Tuesday, October 17, 2006

EMOTIONAL

Lately I have been finding myself to be a complete and utter emotional wreck. I've been using all my strength just to keep it together. I have no idea - well, not that's a lie - I don't understand why everything has been hittin gme so hard lately.

I'm working, in what I affectionately call Hell, 5 days, assisting in 4th grade one day, taking 3.5 classes on a graduate level, assisting with the confirmation kids @ church, orgainizing a women's retreat (which I will elaborate cuz I just found out some stuff to add to everything), the maid of honor for my sister (matron sounds so old), support for my friends (2 going through a divorce, one moving far, one struggling with finding herself, one who needs assistance with her kids), and my crazy madre. Have I forgotten to mention the regular daily chores?
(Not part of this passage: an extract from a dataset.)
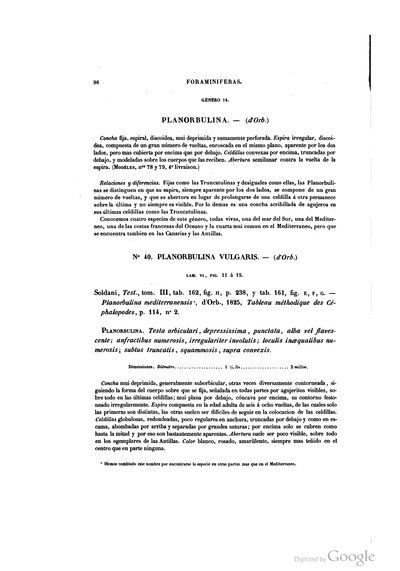 Planorbulina Vulgaris y Otras Especie de Foraminiferas — Ramón de la Sagra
I thought some of the emotions last week were due to stress, lack of sleep, and my wonderful monthly visitor, but I'm not so sure anymore. I mean last week I was sitting in my office ready to cry (and not just because of my friend moving), then in the middle of the grocery store while with my husband I wanted to cry again. It took all my strength to hold it in, and finally on the way home I was a complete balling idiot. I've started crying at commercials, watching the Ghost Whisperer, I think it's a bit out of control.

I thought this week would start off better. I've gotten some sleep and my visitor has departed, but here I sit miserable and ready to cry again. I'm feeling a little insane with my efforts to control this weepiness. My poor husband has been nothing but wonderful - cooking dinner, doing laundry, taking care of the cats, offering cuddles of consolment - but this can't continue, I'm gonna make the poor man go batty.

It's been so bad I've even tried taking a Xanax. All that did was convert the tears into anger without the ability for me to keep my mouth shut - that's just dangerous. If people knew what was on my mind - especially at my job - I'd be in a whole lot of hot water. Then again, maybe I wouldn't be feeling this way.

I don't really know what the purpose is for posting this blog - maybe just the hope that puttin it in words would help exspell the sadness from my heart - maybe someone would give me sage advise as to how to handle this - maybe someone can prescribe more Xanax.